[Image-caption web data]
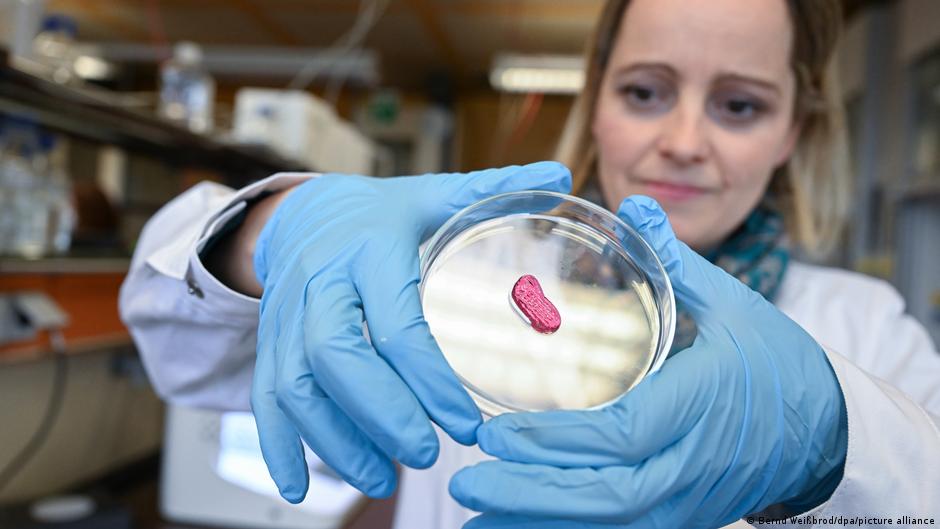Does lab-grown meat contain cancer cells? – DW – 10/05/2023 - Vimarsana News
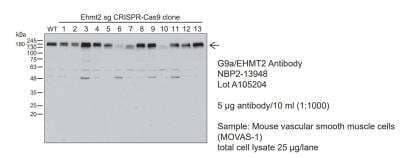 Western Blot: G9a/EHMT2 Antibody [NBP2-13948] - Mouse cell lysates. Image submitted by a verified customer review. 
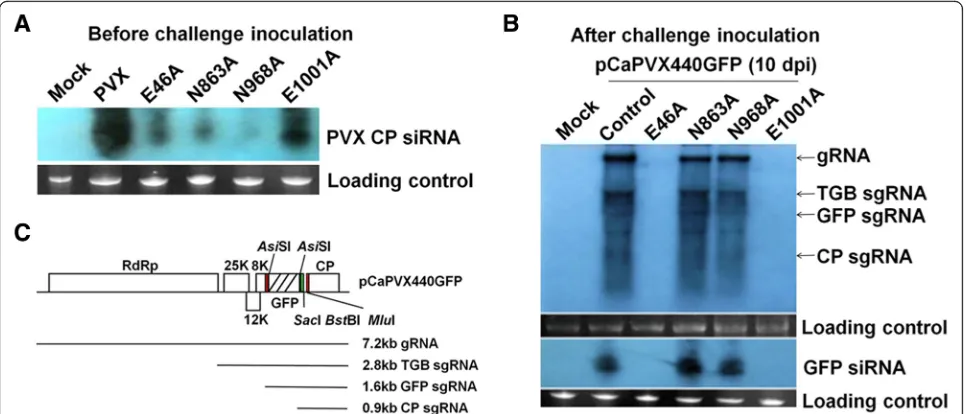 Fig. 5 Accumulation of viral RNA and siRNA inpCaPVX440GFP in the same plants. The protective interval was 10 days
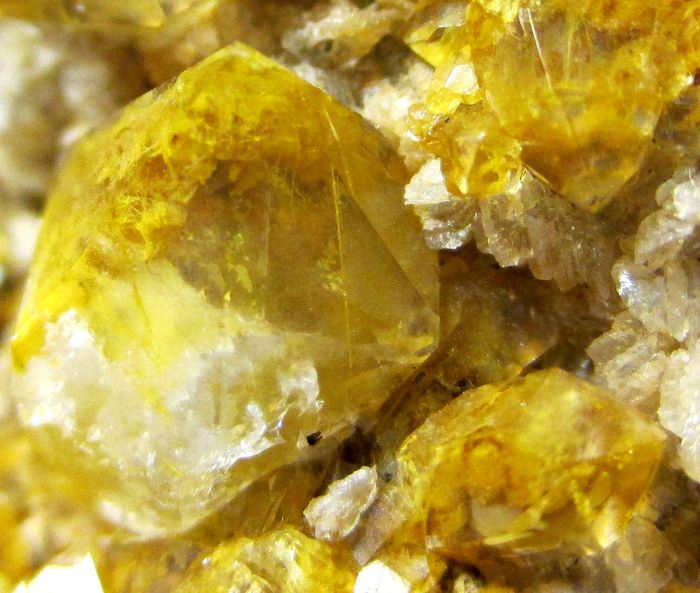 Quartz Var Eisenkiesel Psm Fossil Fungi Mycelium Gold Archaea Bacteria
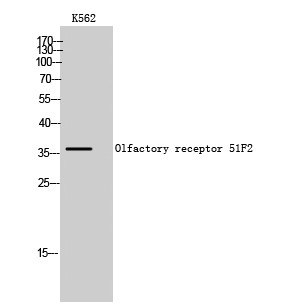 Olfactory receptor 51F2 Polyclonal Antibody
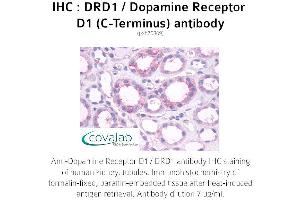 Image no. 1 for anti-Dopamine Receptor D1 (DRD1) (C-Term) antibody (ABIN1733781) (Dopamine Receptor d1 antibody  (C-Term))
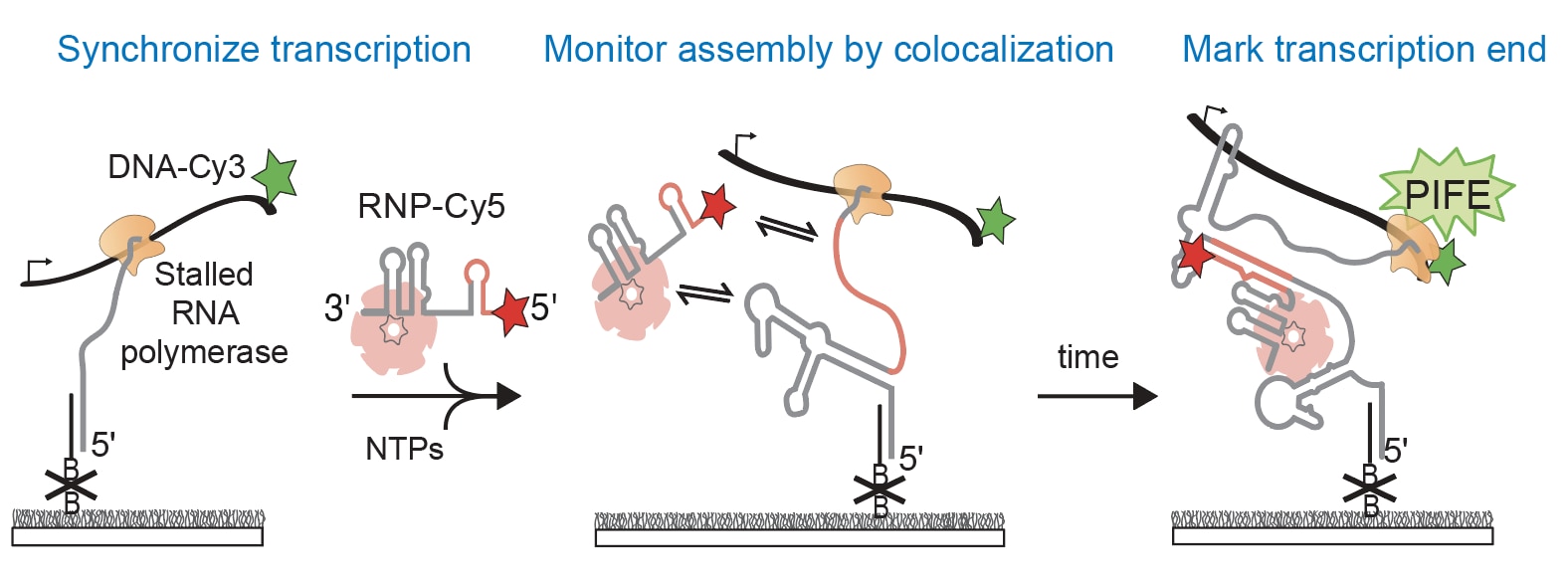 A cartoon of an example single-molecule fluorescence experiment to study RNA and protein assembly on a nascent RNA. The cartoon shows three panels with cartoons of a single-molecule slide with an immobilized molecule of a transcription elongation complexes transcribing a nascent RNA and interacting with a freely diffusing ribonucleoprotein.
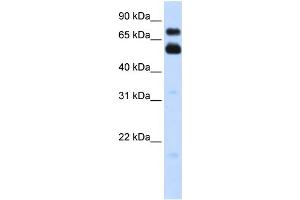 WB Suggested Anti-VISA Antibody Titration:  0.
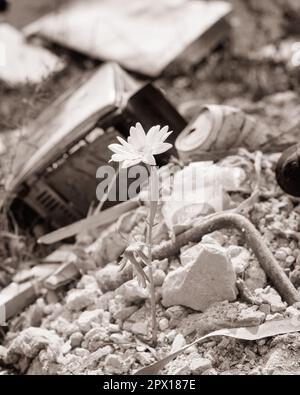 1970S MARGUERITE SIMPLE FRAÎCHE POUSSANT SON CHEMIN VERS LE HAUT À TRAVERS UNE PILE DE DÉCHETS À LA FLEUR - S17656 HAR001 HARS OPTIMISME CONTAMINATION RUBIS TOXINES SYMBOLIQUES FLEURS CONCEPTS ENVIRONNEMENT FOI CROISSANCE SURVIE NOIR ET BLANC FLORAISON HAR001 ANCIENNE REPRÉSENTATION DES DÉCHETS Banque D'Images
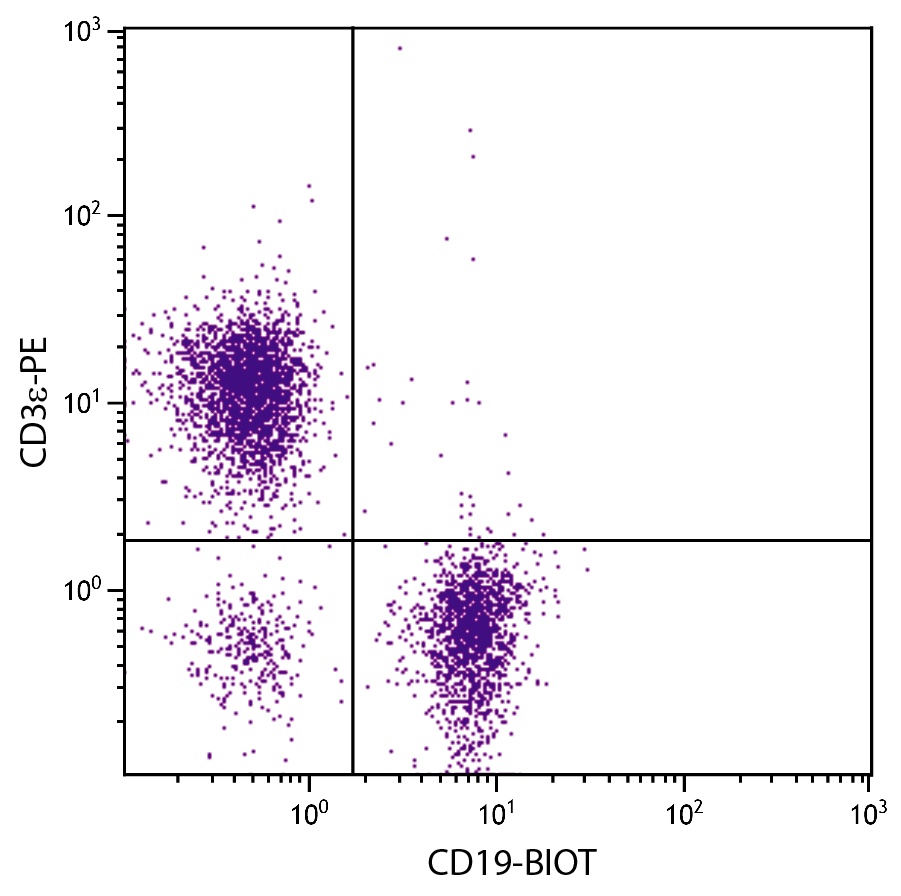 CD19 Antibody [6D5] (Biotin)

**Task requirements**: Above are some records; quote exactly and only the lines that begin at the line containing "A cartoon of" and stop after the line containing "WB Suggested Anti-VISA", leaving out the pictures.

**Problem solution**:
 A cartoon of an example single-molecule fluorescence experiment to study RNA and protein assembly on a nascent RNA. The cartoon shows three panels with cartoons of a single-molecule slide with an immobilized molecule of a transcription elongation complexes transcribing a nascent RNA and interacting with a freely diffusing ribonucleoprotein.
 WB Suggested Anti-VISA Antibody Titration:  0.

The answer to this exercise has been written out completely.